Ozzy foi demitido do Black Sabbath e substituído pelo vocalista do Rainbow, Ronald James Padavona, o Dio, em 1979. A interpretação de Dio destoava demais do que fazia seu predecessor, porque era forte, épica, expansiva. Claro, Padavona sempre foi melhor cantor do que Osbourne. A partir disso e dos peitos cabeludos – mutcho machos – que inundavam o heavy metal do começo dos anos 80, o Black Sabbath se tornou outra banda, mais teatral, mais óbvia. Dio, junto com outros metalíferos de sua época, tornou-se exemplo de integridade e postural “metal”.

O problema é que, na “vida real”, o mundo estava em outra. O punk e o pós-punk seguiam muito mais pelo caminho niilista do Black Sabbath do que o próprio Black Sabbath. Os embriões do hip hop, a disco music, o revival do country, nada disso apontava para elfos, castelos, morte, bicho-papão. Durante a guerra fria, o escapismo deu lugar ao conformismo e ao combate, por isso guerreiros vestidos com calças de couro em palcos de 12 metros de altura pareciam arcaicos e constrangedores. Daí, o metal institucionalizado por Dio deixou o Planeta Terra para sempre. Hoje em dia, ele reside nessas camisetas de banda e na molecada perseguida na escola. Costuma, inclusive, ficar por lá quando esses adolescentes crescem.

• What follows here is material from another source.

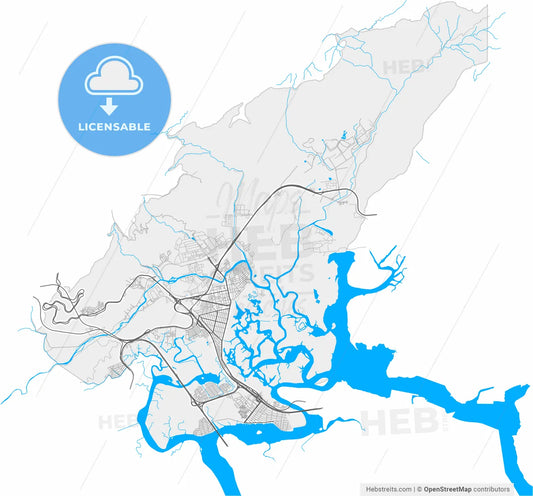 Cubatao, Brazil, high resolution vector map - Instant download PDF and JPG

O nefasto da obra de Ronnie Dio não são suas bandas e LPs, e sim seu legado. O respaldo que deu a múmias, castelos, cavalos e espadas forçou a entrada do escapismo num estilo bastante lúcido, ainda que pessimista. Assim, trouxe também o ostracismo para si mesmo (o que, para certos fãs de metal, é um símbolo de honestidade).

Engraçado que, nos últimos tempos, o metal tem ressurgido entre as pessoas “normais”, apesar do desvio de percurso que foi a NWOBHM e a fase de Dio no Black Sabbath. Por causa dessa clausura forçada, alguns metaleiros realmente extremos, influenciados por Thrash Metal e Stoner Rock (por sua vez influenciados diretamente pelo Sabbath do começo – acompanhou?) surgem como a verdadeira opção do underground frente um mainstream cada vez mais afetado, mais ou menos como era em 69. Ainda bem, porque se não fosse a música pesada, talvez minha vida não tivesse mudado quando escutei Queens of the Stone Age e System of a Down aos 12 anos.